Repeat the data that follows, keeping every character intact.
----
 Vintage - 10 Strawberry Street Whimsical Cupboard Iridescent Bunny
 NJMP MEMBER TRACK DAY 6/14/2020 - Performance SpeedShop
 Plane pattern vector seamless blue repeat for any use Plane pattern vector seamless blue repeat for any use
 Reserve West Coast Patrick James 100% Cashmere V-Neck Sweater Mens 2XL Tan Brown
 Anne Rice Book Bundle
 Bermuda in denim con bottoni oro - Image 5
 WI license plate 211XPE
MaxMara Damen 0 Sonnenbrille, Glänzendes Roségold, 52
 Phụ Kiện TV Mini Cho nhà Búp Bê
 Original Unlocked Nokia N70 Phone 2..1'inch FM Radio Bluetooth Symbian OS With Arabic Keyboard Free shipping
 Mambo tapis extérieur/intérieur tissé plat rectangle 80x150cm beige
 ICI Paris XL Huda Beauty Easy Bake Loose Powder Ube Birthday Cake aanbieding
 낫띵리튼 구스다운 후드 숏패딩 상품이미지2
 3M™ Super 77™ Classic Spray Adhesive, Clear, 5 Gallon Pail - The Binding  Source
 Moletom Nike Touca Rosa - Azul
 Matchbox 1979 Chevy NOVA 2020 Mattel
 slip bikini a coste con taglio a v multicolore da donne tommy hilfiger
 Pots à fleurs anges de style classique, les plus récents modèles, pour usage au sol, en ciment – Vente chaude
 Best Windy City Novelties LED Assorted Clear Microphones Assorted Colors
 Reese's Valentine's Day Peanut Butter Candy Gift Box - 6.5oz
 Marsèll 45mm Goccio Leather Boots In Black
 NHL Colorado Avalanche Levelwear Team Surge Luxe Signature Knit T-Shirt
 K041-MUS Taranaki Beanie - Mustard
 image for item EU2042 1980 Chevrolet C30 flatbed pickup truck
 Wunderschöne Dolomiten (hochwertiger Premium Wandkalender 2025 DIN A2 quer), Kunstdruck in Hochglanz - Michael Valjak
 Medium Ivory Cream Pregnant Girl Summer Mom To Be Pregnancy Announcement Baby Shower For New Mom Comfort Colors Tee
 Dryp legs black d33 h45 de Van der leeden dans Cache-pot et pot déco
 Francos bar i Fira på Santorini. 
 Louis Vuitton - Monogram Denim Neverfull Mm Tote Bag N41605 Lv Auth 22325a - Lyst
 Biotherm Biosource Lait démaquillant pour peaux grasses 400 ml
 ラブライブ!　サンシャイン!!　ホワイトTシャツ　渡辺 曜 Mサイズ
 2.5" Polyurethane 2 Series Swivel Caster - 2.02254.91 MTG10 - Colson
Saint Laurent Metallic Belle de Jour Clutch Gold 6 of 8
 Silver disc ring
----
### Solution
 Vintage - 10 Strawberry Street Whimsical Cupboard Iridescent Bunny
 NJMP MEMBER TRACK DAY 6/14/2020 - Performance SpeedShop
 Plane pattern vector seamless blue repeat for any use Plane pattern vector seamless blue repeat for any use
 Reserve West Coast Patrick James 100% Cashmere V-Neck Sweater Mens 2XL Tan Brown
 Anne Rice Book Bundle
 Bermuda in denim con bottoni oro - Image 5
 WI license plate 211XPE
MaxMara Damen 0 Sonnenbrille, Glänzendes Roségold, 52
 Phụ Kiện TV Mini Cho nhà Búp Bê
 Original Unlocked Nokia N70 Phone 2..1'inch FM Radio Bluetooth Symbian OS With Arabic Keyboard Free shipping
 Mambo tapis extérieur/intérieur tissé plat rectangle 80x150cm beige
 ICI Paris XL Huda Beauty Easy Bake Loose Powder Ube Birthday Cake aanbieding
 낫띵리튼 구스다운 후드 숏패딩 상품이미지2
 3M™ Super 77™ Classic Spray Adhesive, Clear, 5 Gallon Pail - The Binding  Source
 Moletom Nike Touca Rosa - Azul
 Matchbox 1979 Chevy NOVA 2020 Mattel
 slip bikini a coste con taglio a v multicolore da donne tommy hilfiger
 Pots à fleurs anges de style classique, les plus récents modèles, pour usage au sol, en ciment – Vente chaude
 Best Windy City Novelties LED Assorted Clear Microphones Assorted Colors
 Reese's Valentine's Day Peanut Butter Candy Gift Box - 6.5oz
 Marsèll 45mm Goccio Leather Boots In Black
 NHL Colorado Avalanche Levelwear Team Surge Luxe Signature Knit T-Shirt
 K041-MUS Taranaki Beanie - Mustard
 image for item EU2042 1980 Chevrolet C30 flatbed pickup truck
 Wunderschöne Dolomiten (hochwertiger Premium Wandkalender 2025 DIN A2 quer), Kunstdruck in Hochglanz - Michael Valjak
 Medium Ivory Cream Pregnant Girl Summer Mom To Be Pregnancy Announcement Baby Shower For New Mom Comfort Colors Tee
 Dryp legs black d33 h45 de Van der leeden dans Cache-pot et pot déco
 Francos bar i Fira på Santorini. 
 Louis Vuitton - Monogram Denim Neverfull Mm Tote Bag N41605 Lv Auth 22325a - Lyst
 Biotherm Biosource Lait démaquillant pour peaux grasses 400 ml
 ラブライブ!　サンシャイン!!　ホワイトTシャツ　渡辺 曜 Mサイズ
 2.5" Polyurethane 2 Series Swivel Caster - 2.02254.91 MTG10 - Colson
Saint Laurent Metallic Belle de Jour Clutch Gold 6 of 8
 Silver disc ring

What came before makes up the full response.